Pris dans la tourmente des crises financières de 2008 et 2011, Dexia, prêteur bancaire historique du crédit aux collectivités locales, est sauvé de la faillite par les Etats belge et français fin 2011. Notre communication revient sur la genèse de ce sauvetage en dernier ressort qui marque l'échec de la régulation marchande du crédit local institutionnalisée au début des années 1980.
Pour ce faire, elle s'appuie sur une approche institutionnaliste où la relation de crédit, et ses formes historiques, sont saisies à partir des régulations qui encadrent, de manière plus ou moins lâche, la demande de crédit émanant des collectivités locales, d'une part, et l'offre de crédit des acteurs financiers, d'autre part. Elle cherche notamment à rendre compte de la manière dont les interactions entre demande et offre de crédit sont conditionnées et en partie déterminées au niveau institutionnel.
Le forme marchande de la relation de crédit des collectivités locales prend racine dans le démantèlement progressif de la forme administrée institutionnalisée des années 1950 au début des années 1980. La forme administrée du crédit local met en évidence une régulation publique et administrée par l'Etat autant de la demande que de l'offre de crédit aux collectivités locales.

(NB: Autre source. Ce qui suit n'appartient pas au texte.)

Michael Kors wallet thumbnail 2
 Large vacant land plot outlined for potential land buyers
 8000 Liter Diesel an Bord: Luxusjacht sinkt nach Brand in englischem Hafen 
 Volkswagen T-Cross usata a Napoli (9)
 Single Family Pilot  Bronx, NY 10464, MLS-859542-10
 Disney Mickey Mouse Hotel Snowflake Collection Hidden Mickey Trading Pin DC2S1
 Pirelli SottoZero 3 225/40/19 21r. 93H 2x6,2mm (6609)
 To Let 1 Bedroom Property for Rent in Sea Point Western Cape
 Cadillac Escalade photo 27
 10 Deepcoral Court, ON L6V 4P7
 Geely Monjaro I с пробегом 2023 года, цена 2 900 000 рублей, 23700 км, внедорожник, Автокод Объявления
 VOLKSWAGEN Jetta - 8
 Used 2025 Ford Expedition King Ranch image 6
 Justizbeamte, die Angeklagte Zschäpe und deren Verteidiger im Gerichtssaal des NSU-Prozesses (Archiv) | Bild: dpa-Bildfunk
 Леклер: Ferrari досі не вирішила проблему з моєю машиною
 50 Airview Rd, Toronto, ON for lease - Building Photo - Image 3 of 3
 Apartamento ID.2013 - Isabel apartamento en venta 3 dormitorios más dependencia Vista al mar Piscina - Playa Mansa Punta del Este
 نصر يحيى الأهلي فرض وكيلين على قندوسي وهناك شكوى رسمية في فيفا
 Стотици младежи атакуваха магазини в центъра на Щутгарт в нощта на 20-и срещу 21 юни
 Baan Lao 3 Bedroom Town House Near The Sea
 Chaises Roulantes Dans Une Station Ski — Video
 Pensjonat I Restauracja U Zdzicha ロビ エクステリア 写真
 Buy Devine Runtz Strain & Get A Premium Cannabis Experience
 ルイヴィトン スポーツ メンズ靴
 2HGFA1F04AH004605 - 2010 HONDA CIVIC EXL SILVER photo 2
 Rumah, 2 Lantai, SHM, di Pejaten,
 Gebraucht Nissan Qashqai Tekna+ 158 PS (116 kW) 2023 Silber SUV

Son démantèlement, progressivement organisé à la fin des années 1970, est consacré au début des années 1980 lorsque, d'une part, la liberté d'endettement est reconnue aux collectivités locales dans le cadre des lois de décentralisation de 1982 et, d'autre part, lorsque l'Etat met en ordre une régulation concurrentielle et privatisée de l'offre de crédit dans le cadre plus large de la libéralisation financière de l'économie française du milieu des années 1980. C'est par conséquent une forme marchande de la relation de crédit qui est consacrée. Elle s'appuie sur une régulation décentralisée de la relation de crédit, où collectivités locales et prêteurs sont désormais libres de négocier leurs produits de dette, l'Etat se mettant à distance d'une ingérence dans les affaires locales.
La communication souhaite montrer que c'est dans ce cadre marchand qu'émerge une financiarisation du modèle bancaire de Dexia qui transforme la relation de crédit qu'avaient nouée pendant plus de quarante ans les collectivités locales et Dexia, anciennement Crédit Local de France et Caisse d'Aide à l'Equipement des Collectivités Locales. Cette fuite en avant de Dexia se rompt brutalement dans le fracas des crises financières, nécessitant une intervention en dernier ressort de l'Etat pour éviter un credit crunch sur le marché du crédit local. Alors que l'Etat s'était retiré du prêt aux collectivités locales, mettant en marché la dette locale à compter des années 1980, c'est bien lui qui doit « payer la facture » des dérives d'une telle régulation marchande.